Ruth Nalunkuma sits on her front doorstep and gazes at her kitchen garden. The 47-year-old mother of five grows fruit and vegetables in a garden outside her tiny home in Kigoowa, a suburb eight kilometres northeast of central Kampala.
Mrs. Nalunkuma says, “I grow spinach, pumpkin, passion fruit, onions, spinach and dodo [amaranth] in my garden. Unfortunately, I recently lost my eggplants due to disease.”
The widow shoos away one of her four grandchildren and slips on her sandals. With a skip in her step, she escapes her cluttered home to tend to her plot. Mrs. Nalunkuma provides for her family with what she harvests from her four-by-two metre square, 30-centimetre high raised bed.

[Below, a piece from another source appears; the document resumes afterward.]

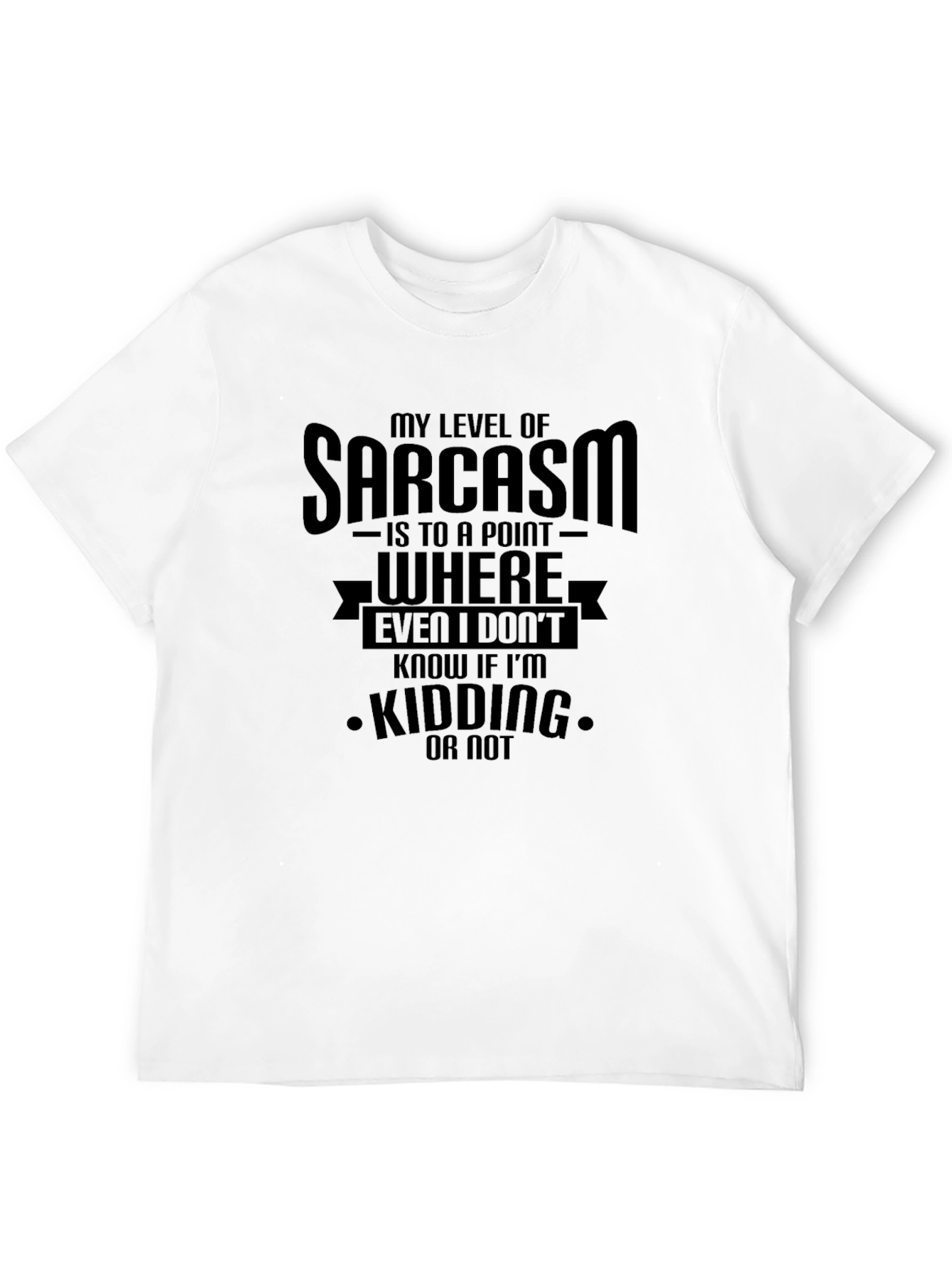 Sarcasm Humor T-Shirt - Funny Graphic Tee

She raises her right hand high above her head, saying, “I want to build a fence up to here to keep the goats out because they come and eat my vegetables.”
But Mrs. Nalunkuma is not just a gardener. Behind her home, a chicken run is shaded by banana trees growing in the muddy, red soil. The chicken run houses 35 layer hens, which she expects will produce enough eggs to earn her some much-needed income.
She explains: “I just started poultry farming. I have 35 chickens in this pen and another 35 chicks in my house. I hope to start selling the eggs at the market in the next few months.”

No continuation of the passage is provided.